校長通信
にっこり笑ってあいさつを(1学期終業式)
1学期も本日で終了です。体育館は大変暑かったのですが、生徒達はよく聞いてくれました。ただ、後で生徒に感想を聞くと、イマイチと言われてしまいました。あいさつは、難しいですね。
平成29年度 1学期終業式あいさつ H29.7.20
○ 「おはようございます」
○ 1学期はどうでしたか。
勉強はどうでしたか。1学期の成績優良者(通知表の平均8.0以上)は1年生は36人、2年生は40人、3年生は43人で合計119人でした。頑張りましたね。残念にも、欠点をとってしまった人、2学期以降全力を尽くして頑張るように!
○ また、部活動はどうでしたか。
特に3年生は思う存分出来ましたか。力が発揮できず、悔しい思いをして終わった人も多いと思います。

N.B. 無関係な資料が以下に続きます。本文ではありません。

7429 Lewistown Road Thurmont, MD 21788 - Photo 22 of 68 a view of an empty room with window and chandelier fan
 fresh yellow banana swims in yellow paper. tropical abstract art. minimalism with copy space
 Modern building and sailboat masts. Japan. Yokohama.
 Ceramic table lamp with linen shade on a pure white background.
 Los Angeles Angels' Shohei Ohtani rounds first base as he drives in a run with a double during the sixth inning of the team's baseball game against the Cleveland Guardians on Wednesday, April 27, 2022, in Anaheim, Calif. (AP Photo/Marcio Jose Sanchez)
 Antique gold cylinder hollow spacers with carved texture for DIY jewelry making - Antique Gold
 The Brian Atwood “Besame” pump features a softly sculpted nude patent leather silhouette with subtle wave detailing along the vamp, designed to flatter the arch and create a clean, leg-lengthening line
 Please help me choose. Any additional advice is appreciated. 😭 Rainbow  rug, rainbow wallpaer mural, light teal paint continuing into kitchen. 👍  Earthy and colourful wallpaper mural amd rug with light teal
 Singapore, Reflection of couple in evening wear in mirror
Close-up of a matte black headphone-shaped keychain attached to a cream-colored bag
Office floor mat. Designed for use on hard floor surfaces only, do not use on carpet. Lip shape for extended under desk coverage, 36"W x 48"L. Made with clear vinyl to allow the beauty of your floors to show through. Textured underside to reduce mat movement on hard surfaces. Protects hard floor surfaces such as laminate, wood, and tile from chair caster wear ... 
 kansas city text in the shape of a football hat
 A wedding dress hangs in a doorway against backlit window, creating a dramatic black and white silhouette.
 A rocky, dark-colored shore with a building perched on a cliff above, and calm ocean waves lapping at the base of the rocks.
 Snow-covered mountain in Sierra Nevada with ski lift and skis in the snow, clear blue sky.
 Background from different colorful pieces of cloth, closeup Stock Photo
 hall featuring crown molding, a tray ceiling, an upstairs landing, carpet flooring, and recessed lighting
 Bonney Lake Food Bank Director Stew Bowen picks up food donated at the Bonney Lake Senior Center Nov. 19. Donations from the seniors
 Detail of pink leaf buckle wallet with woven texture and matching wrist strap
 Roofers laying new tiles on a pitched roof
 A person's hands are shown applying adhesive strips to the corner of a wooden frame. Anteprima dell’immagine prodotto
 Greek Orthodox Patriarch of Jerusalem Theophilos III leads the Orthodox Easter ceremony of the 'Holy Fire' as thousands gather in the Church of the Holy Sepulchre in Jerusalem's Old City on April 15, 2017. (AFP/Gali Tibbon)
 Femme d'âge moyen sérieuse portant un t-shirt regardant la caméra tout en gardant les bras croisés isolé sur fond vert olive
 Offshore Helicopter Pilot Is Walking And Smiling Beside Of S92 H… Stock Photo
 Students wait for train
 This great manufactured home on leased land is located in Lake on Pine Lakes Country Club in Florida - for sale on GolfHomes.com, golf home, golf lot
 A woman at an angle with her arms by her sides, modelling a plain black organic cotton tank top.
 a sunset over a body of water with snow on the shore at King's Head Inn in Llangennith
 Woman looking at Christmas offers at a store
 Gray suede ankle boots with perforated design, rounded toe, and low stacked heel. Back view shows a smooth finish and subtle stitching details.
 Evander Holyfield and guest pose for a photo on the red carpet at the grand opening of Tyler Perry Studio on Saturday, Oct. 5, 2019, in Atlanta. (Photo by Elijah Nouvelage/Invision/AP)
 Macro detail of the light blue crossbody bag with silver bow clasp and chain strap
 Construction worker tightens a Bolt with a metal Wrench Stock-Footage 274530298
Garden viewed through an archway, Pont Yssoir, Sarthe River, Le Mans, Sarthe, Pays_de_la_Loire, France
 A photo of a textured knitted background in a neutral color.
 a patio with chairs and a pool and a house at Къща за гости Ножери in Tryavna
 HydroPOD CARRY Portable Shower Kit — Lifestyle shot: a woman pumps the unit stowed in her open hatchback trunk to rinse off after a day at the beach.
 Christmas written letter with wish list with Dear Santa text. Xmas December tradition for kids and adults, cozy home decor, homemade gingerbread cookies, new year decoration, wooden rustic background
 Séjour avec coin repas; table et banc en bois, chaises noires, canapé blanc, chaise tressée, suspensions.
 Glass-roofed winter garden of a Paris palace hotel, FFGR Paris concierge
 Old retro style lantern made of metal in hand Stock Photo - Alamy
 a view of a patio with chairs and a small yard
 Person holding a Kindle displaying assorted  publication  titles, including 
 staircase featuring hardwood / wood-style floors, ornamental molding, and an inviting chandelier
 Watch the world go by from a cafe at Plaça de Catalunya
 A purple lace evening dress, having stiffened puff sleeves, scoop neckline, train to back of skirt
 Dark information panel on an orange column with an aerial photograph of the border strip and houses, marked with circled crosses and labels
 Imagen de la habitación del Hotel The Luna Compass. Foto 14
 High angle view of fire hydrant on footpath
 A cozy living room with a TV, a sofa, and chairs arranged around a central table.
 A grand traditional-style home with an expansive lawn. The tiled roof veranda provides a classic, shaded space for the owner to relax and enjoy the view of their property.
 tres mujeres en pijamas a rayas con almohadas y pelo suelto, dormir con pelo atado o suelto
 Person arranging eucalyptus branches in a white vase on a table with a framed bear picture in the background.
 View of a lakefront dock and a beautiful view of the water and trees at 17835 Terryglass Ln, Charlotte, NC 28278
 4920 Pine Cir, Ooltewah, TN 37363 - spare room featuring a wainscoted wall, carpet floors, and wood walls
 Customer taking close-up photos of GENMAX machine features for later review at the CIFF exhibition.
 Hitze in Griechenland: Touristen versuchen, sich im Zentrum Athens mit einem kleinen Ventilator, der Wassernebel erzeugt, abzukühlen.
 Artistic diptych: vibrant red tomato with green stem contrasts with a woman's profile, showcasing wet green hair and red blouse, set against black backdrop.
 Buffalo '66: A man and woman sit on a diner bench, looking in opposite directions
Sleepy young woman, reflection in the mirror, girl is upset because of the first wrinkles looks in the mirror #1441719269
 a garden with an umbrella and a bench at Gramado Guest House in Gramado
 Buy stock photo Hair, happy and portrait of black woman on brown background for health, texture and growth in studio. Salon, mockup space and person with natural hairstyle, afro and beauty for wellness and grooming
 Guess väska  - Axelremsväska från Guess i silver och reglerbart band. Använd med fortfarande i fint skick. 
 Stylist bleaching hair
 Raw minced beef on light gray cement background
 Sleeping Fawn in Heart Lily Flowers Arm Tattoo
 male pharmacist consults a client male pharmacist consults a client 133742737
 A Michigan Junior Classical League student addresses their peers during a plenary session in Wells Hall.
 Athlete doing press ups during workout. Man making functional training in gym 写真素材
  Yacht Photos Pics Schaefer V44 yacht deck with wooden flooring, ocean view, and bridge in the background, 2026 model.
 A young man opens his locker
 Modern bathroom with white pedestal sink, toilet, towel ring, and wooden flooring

私は、君たちの試合を、いくつか応援させていただきました。みんな情熱溢れるプレーでした。勝敗はどうあろうと、頑張った皆さんの部活にかけた青春は一生の宝物になると思います。
多くの部活動が3年生が引退し、1,2年生の新チームになっていることと思います。3年生に感謝して、頑張ることが、未来の越谷北高校のためになるのです、どうか、情熱を持って頑張ってください。よろしくお願いします。
○ さて、話はかわりますが、この頃年のせいか、こんな事があります。本屋さんで、おっ、これは良い本だな、読んでみようと購入して、しばらく読んでいると、あれ、なんか読んだことがある感じがするなと思って、家の本棚を見ると、案の定、同じ本があるんです。これはまだ、ましな方で、全部読み終わってから本棚に入れようとして、まったく同じ本があったりします。こんな事では、新しい本を買って読むよりも、今まで読んだ本を読み返してみようと、本棚にある本で、もう一度読んでみたい本を読み返しています。
そんなもう一度読んでいる本で、「もう、不満は言わない」という本の話をします。平成20年に出版された、アメリカのウィル・ボウエンと言う人が書いた本です。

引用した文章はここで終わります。